There are, of course, numerous examples of materials with inadequate thermal, chemical, and/or physical properties for specific uses. For example, sensitivity to moisture, particularly at elevated temperatures, is a recently noted deficiency of epoxy adhesives. Hydrolytic instability has also been encountered in silicone adhesives. Some thermosets are too rigid for use in areas of high torsion or flex, whereas some linear, thermally stable resins, such as polyquinoxalines, show unwanted thermal plasticity within their intended use range.
If a bonded joint does not fail cohesively, in the adhesive or adherend, the break generally occurs in an area called the "weak boundry layer", rather than at the adhesiveadherend interface. The weak boundry layer is a region near the interface where unrelieved stresses develop during the formation of the joint. These stress concentrations are generally the weakest link in the bond and serve to reduce its ultimate strength. Some of the principle causes for the development of stress concentrations are formation of bubbles, voids or inclusions because of high initial viscosity, loss of solvent, poor wetting of the surface areas by the adhesive, differential thermal expansion of adhesive and adherend, differential thermal expansion of dissimilar adherends, volume changes due to phase change polymerization during the cooling of a melt, and impurities or deleterious coatings which adversely alter surface characteristics.

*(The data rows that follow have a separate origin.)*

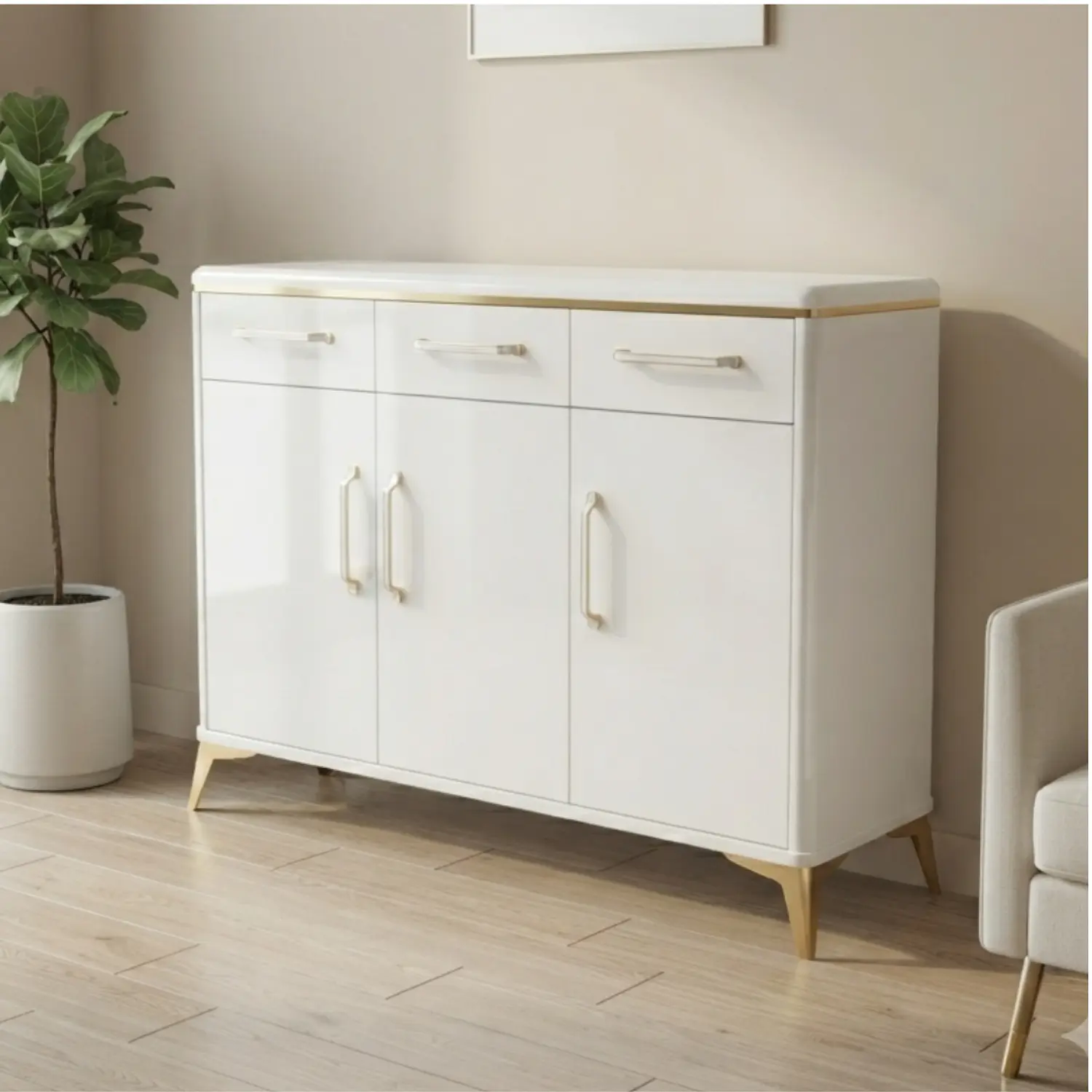 Mueble para Cocina Triple Oslo Blanco con 3 Cajones y 3 Puertas 1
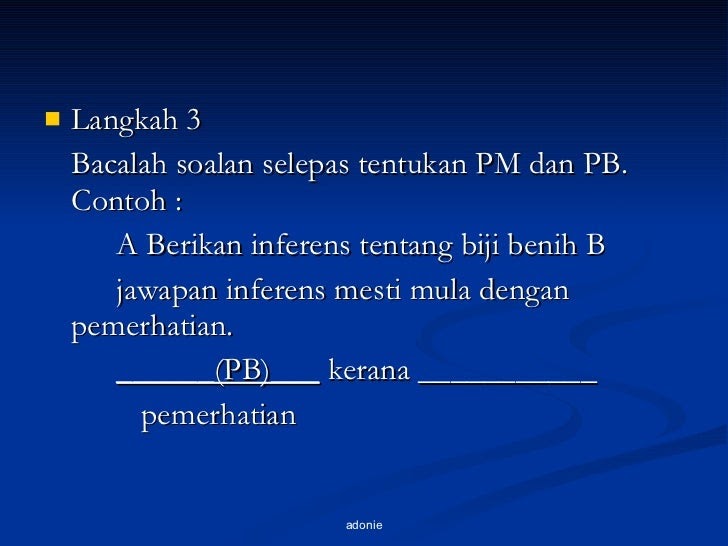 Contoh Jawapan Inferens - Raffael Roni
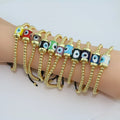 BG1135 Gold Lampwork Glass  Nazar Protection Bracelets Boho Multicolor Evil Eyes Tube Column Beaded Macrame Adjustable Bracelet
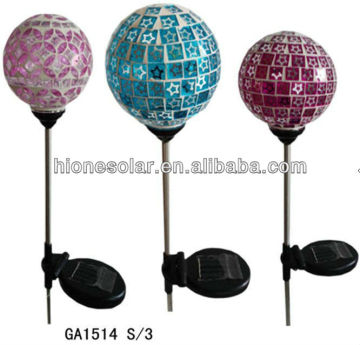 Solar Power Mosaic Glass Ball Color Changing Light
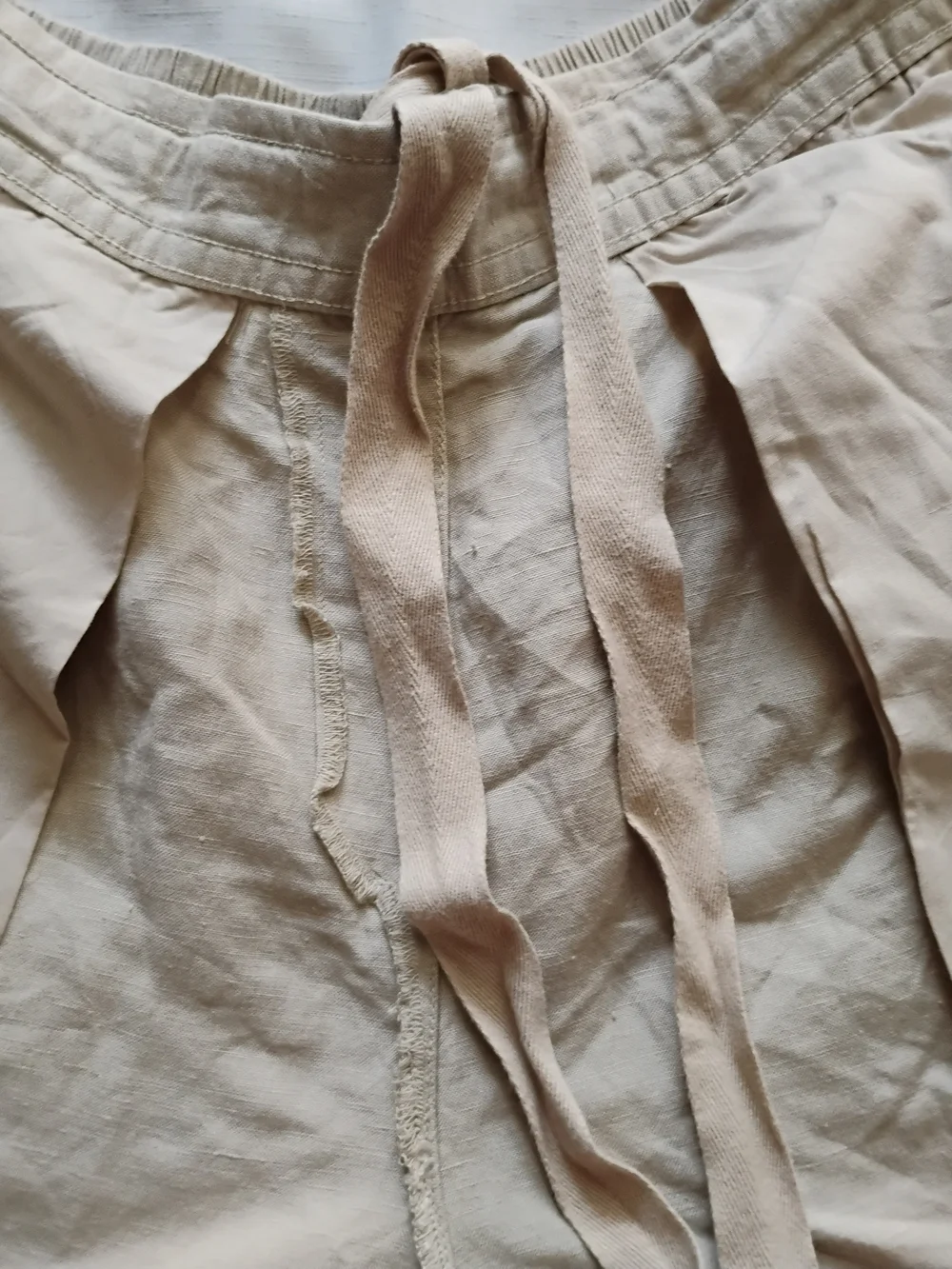 A New Day Women's Beige Drawstring Linen-Blend Pants Size M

The extent and strength deficiencies of the weak boundry layer may be alleviated, or in some cases eliminated, by changes of adhesive formulation, application and cure techniques, and adherend surface characteristics. For example, excessive viscosity may be reduced by the addition of plasticizer or solvent. Wetting may be improved by the addition of a surfactant to reduce the surface tension of the adhesive. Conversely, the surface energy of the adherend may be increased by chemical or radiation modification of the surface. Elastic stresses which may develop at points of contact between voids during cure under temperature and pressure may be reduced by annealing the joint under load.
Although the techniques for alleviating specific causes of stress concentrations are effective in many cases they often compromise other desirable properties. Plasticizers tend to reduce the cohesive strength of the polymeric materials, and the use of solvents for viscosity reduction may result in formation of bubbles during evaporation. Surfactants may reduce cohesive strength by also acting as plasticizers. Vigorous adherend surface treatments may result in local weak points or the creation of a new form of weak boundry layer extending into the body of the solid.
A more basic approach to the elimination of stress concentrations and weak boundry layers is the modification or tailoring of the molecular structure of the adhesive resin itself to correct deficiencies in wetting, viscosity, strength, and differential thermal expansion.